At the beginning, my fears were held true. However, once I got past the second town, the game really started to flow much better. In fact, besides one dungeon that was mean and completely out of place, I pretty much cruised through the game until the very end where I did some cautious grinding. The story of the game really drives it home and it is one of the most unique experiences I've ever had. There were some touching moments that I had for these tiny sprites as life kind of sucks for him at times. But, to see him grow into an adult with a wife and children was kind of touching. I'm not a family person in real life, so it was great to experience something like this in a video game. Besides the story, the game play is much pretty much the same. There is a hot button, thanks to the SNES controller, that makes the menu so much easier to navigate. The battles actually have backgrounds instead of black screens. The graphics are a bit minimalist, but this was an early SNES game, so I understand why.
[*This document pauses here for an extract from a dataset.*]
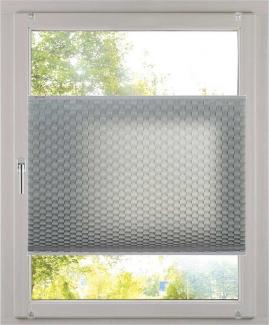 K-home Klemmfix Plissee 3D-Effekt Grau 30 x 130 cm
Besides the one terrible dungeon, my main complaint in the game would be the monster attacks. Many monsters have abilities that let you summon/call/revive other monsters. Since you only have a party of three, it sometimes takes your entire party to kill one monster. When you are fighting several enemies and they can just bring back an enemy on a whim, that got really annoying in a hurry.

Overall, I was pleasantly surprised with my Dragon Quest V experience. The story is the best part of the game and well worth the time to play it. The game play won't change anything, but if you like a solid Dragon Quest game with an exceptional story, then do not miss out on Dragon Quest V.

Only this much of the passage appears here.